Time-resolved spontaneous emission beyond the doorway–window approximation

Abstract

Abstract A nonperturbative approach is developed for the calculation of time- and frequency-gated spontaneous emission spectra beyond the doorway–window approximation. The basic formulas are derived for the spectrum of a nonadiabatic system in a dissipative environment, which is excited by a pulse of arbitrary intensity and duration. This theory allows us to investigate transient effects due to the finiteness of (overlapping) excitation and gate pulses and to take into account the system–bath interaction during the pulses. To study the domain of validity of the doorway–window approach, the frequency integrated emission signal is calculated for a model electron-transfer system within the present general theory and compared with its doorway–window counterpart.

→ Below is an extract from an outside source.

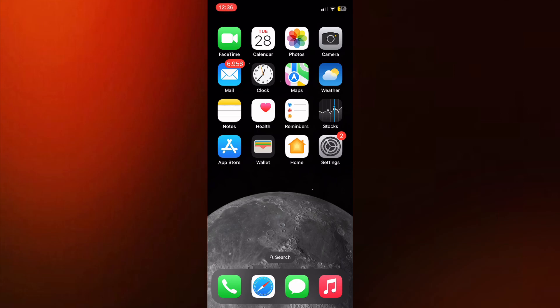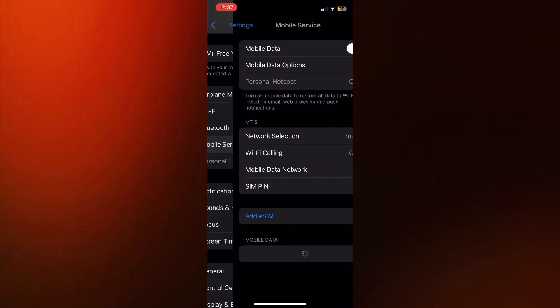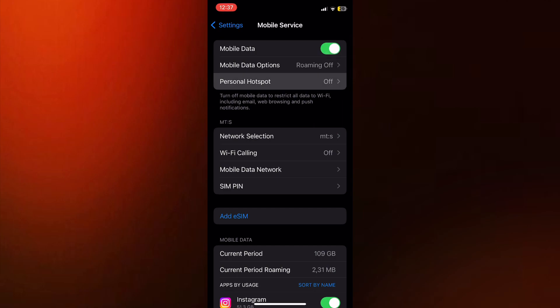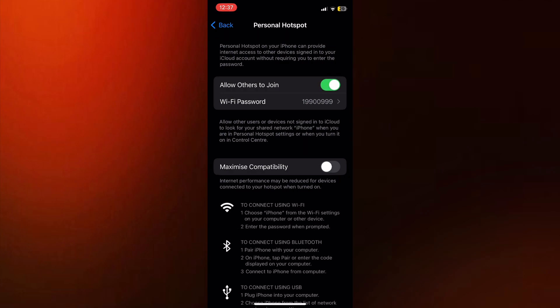The first step is to open the settings on your iOS device, and then open the cellular or mobile data section. I'm first going to enable my mobile data option, and then let's turn on the hotspot because I don't have it on currently. So we'll allow others to join, and now we have our personal hotspot enabled.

The bath-induced dissipation is described in the framework of Redfield theory. The doorway–window approximation is found to perform quite well for pump durations which are shorter than vibrational periods, although quantitative differences exist. For pulses which are longer than vibrational periods, but shorter than periods of electronic coherences, the doorway–window approximation exaggerates the persistence of both electronic and vibrational coherences. For longer pulses, the doorway–window approach may even be qualitatively incorrect. Dissipative effects during the pump pulse are shown to manifest themselves through the quenching of vibrational coherences.